NSU-Dokumentationszentrum: Warum die Erinnerung an die Opfer in der Schwebe hängt
Darko CarstenNSU-Dokumentationszentrum: Warum die Erinnerung an die Opfer in der Schwebe hängt
Ungewisse Zukunft: Nationales NSU-Dokumentationszentrum hängt in der Schwebe
Die Zukunft des Nationalen NSU-Dokumentationszentrums in Deutschland bleibt unklar, nachdem die Bundesregierung auf eine parlamentarische Anfrage nur vage geantwortet hat. Marlene Schönberger, innenpolitische Sprecherin der Grünen, kritisiert Verzögerungen und mangelndes Engagement für das Vorhaben. Das Zentrum, das an die Opfer der rechtsterroristischen NSU-Gruppe erinnern soll, steht vor finanziellen und politischen Hindernissen.

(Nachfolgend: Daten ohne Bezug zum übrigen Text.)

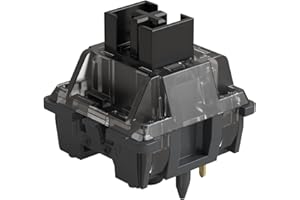 Akko V3 Creamy Black Pro Keyboard Switch with Dustproof Stem for Mechanical Gaming Keyboard, 5-Pin Linear Switches (45pcs)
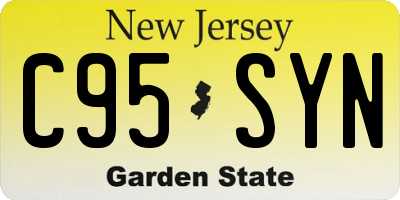 NJ license plate C95SYN
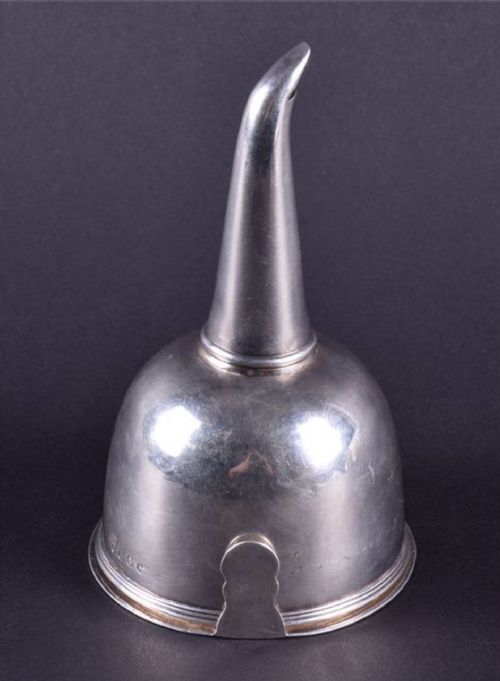 george 111 silver wine funnel london 1806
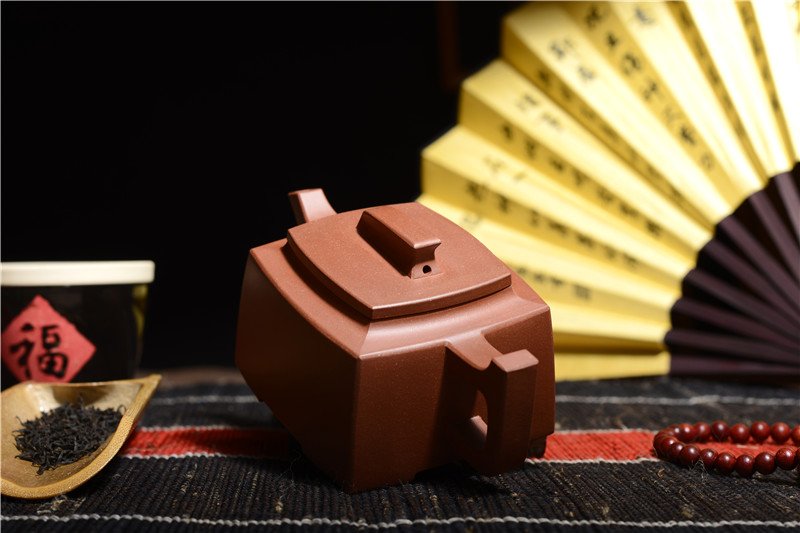 宜兴紫砂壶 | 一帆风顺_泥料：紫泥_容量：350cc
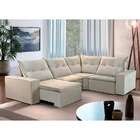 Sofá 4 Lugares De Canto Retrátil E Reclinável Havana Malha Be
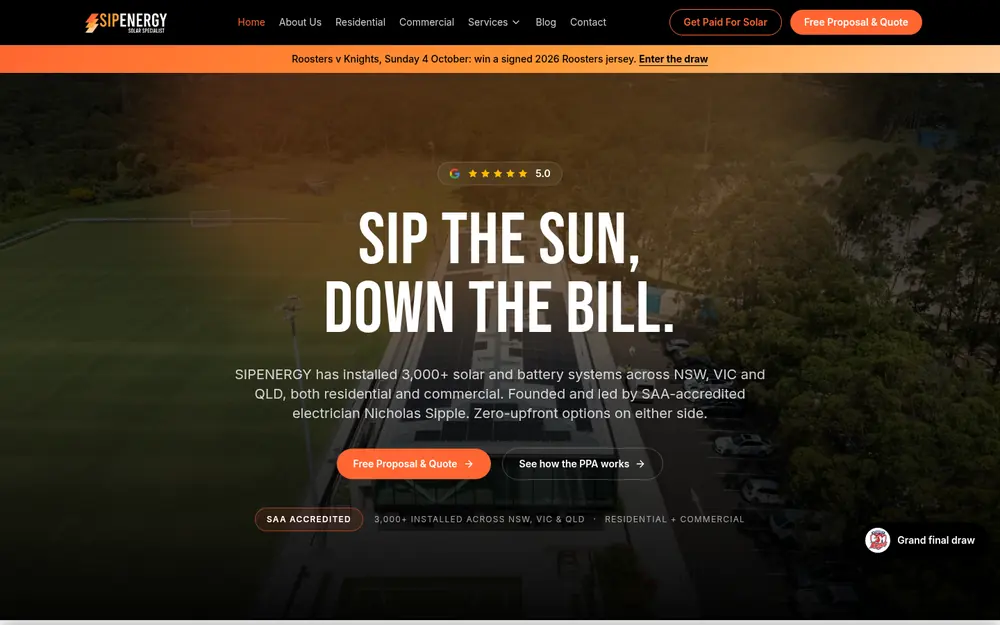 SIPENERGY homepage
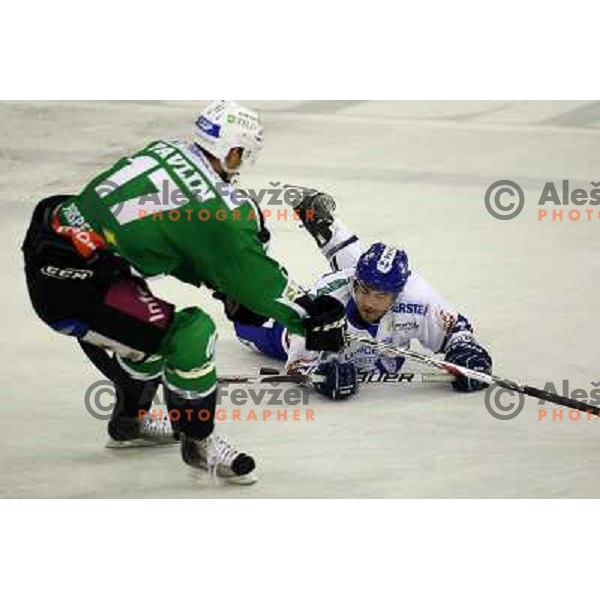  in action during ice-hockey match Tilia Olimpija-KHL Medvescak in round 3 of EBEL league, played in Hala Tivoli, Ljubljana, Slovenia on September 17, 2010 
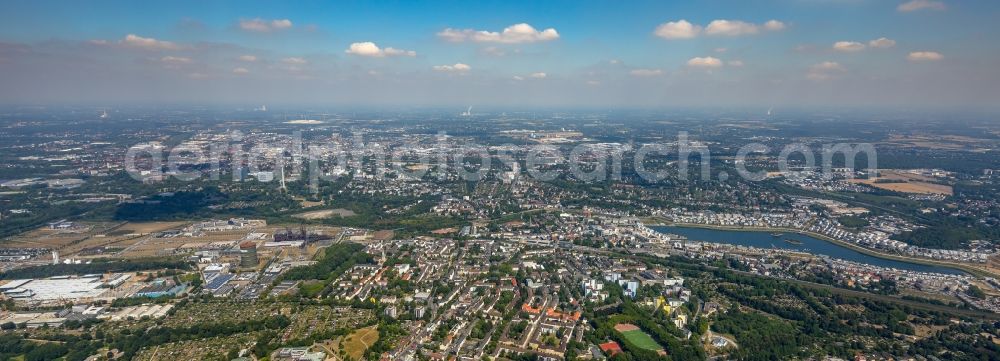 Aerial image Dortmund - Lake PhoenixSee in the district Hoerde in Dortmund in the state North Rhine-Westphalia, Germany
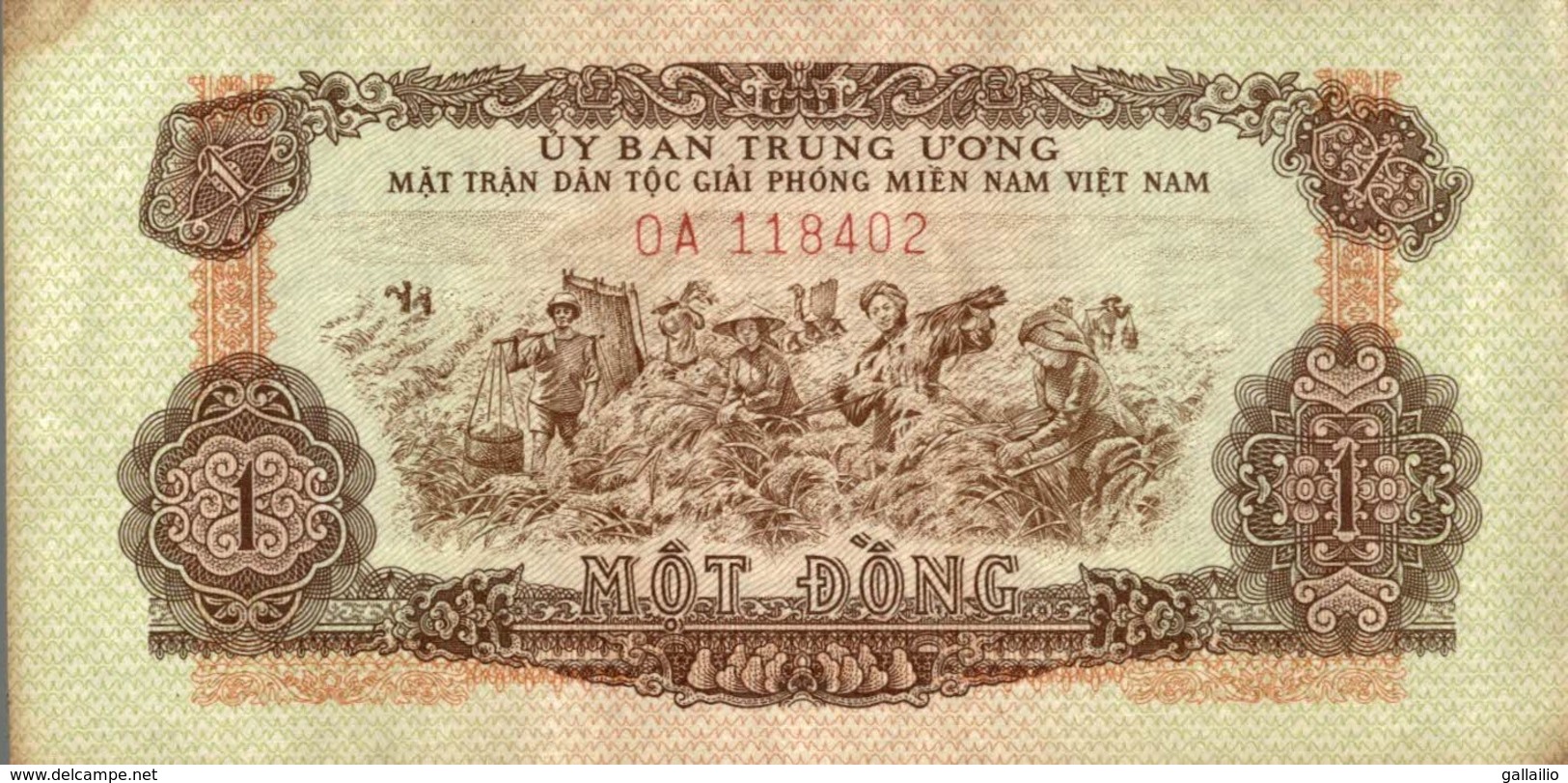 BILLET VIET NAM 1 MOT DONG - Vietnam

Ursprünglich war das Dokumentationszentrum als gemeinsames Projekt von CDU/CSU und SPD im Koalitionsvertrag vereinbart worden. Als Standort war Nürnberg vorgesehen. Doch trotz früherer Zusagen stockt die Umsetzung.
Zwischen 1998 und 2011 ermordete das NSU-Trio mindestens elf Menschen, meist mit Migrationshintergrund. Viele Fragen zu Motiven und möglichen Helfern sind bis heute ungeklärt. Das geplante Zentrum sollte diese Lücken schließen und Angehörigen der Opfer Unterstützung bieten.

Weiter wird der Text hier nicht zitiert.